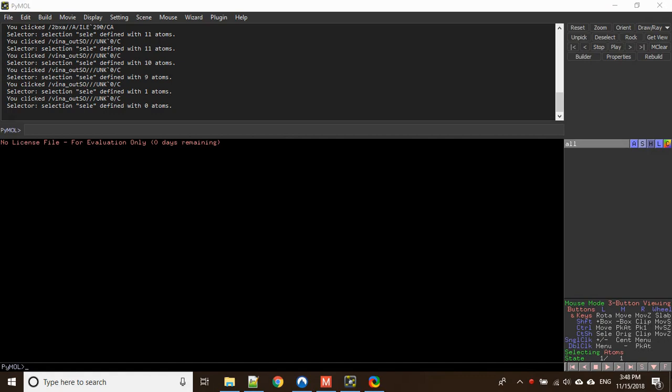Hello viewers, welcome again to Bioinformatics Review. In our last tutorial we discussed how to perform docking using AutoDock Vina, and today we will be learning how to analyze the docking results. We will be using the same protein, human serum albumin, and the ligand sodium octanoate. We need only two files: the PDB file of our protein and the output PDBQT file of our ligand.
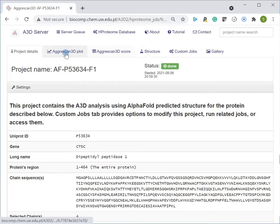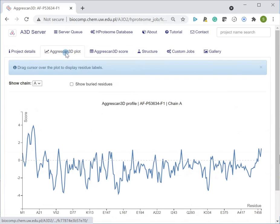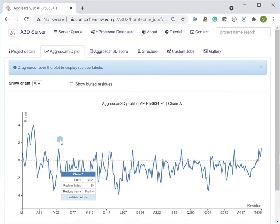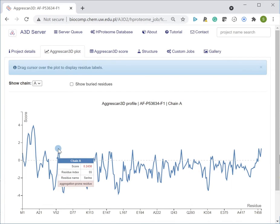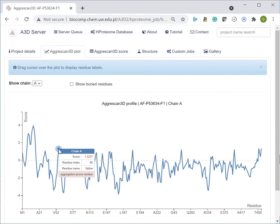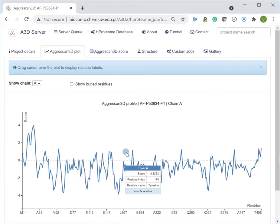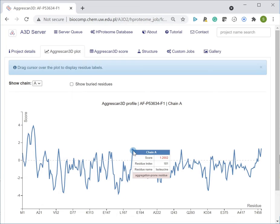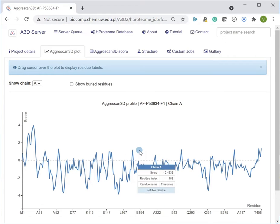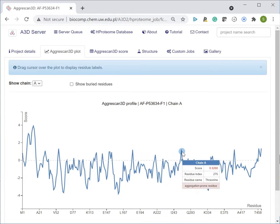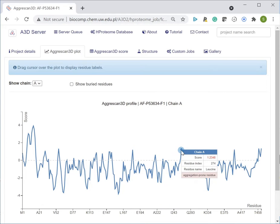For example, on the A3D plot page, protein residues are described using the A3D score. The high score indicates residues forming aggregation-prone regions.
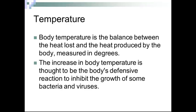Temperature is the body temperature — a balance between heat loss and heat produced by the body, measured in degrees Celsius or Fahrenheit. A lot of electronic medical records will automatically convert these. The increase in body temperature is thought to be the body's defense reaction to inhibit the growth of some bacteria and viruses.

+--

_ACTIVITY:_ Print the data again, word for word, without any pictures.

_EXERCISE RESULT:_
Hello viewers, welcome again to Bioinformatics Review. In our last tutorial we discussed how to perform docking using AutoDock Vina, and today we will be learning how to analyze the docking results. We will be using the same protein, human serum albumin, and the ligand sodium octanoate. We need only two files: the PDB file of our protein and the output PDBQT file of our ligand.
For example, on the A3D plot page, protein residues are described using the A3D score. The high score indicates residues forming aggregation-prone regions.
Temperature is the body temperature — a balance between heat loss and heat produced by the body, measured in degrees Celsius or Fahrenheit. A lot of electronic medical records will automatically convert these. The increase in body temperature is thought to be the body's defense reaction to inhibit the growth of some bacteria and viruses.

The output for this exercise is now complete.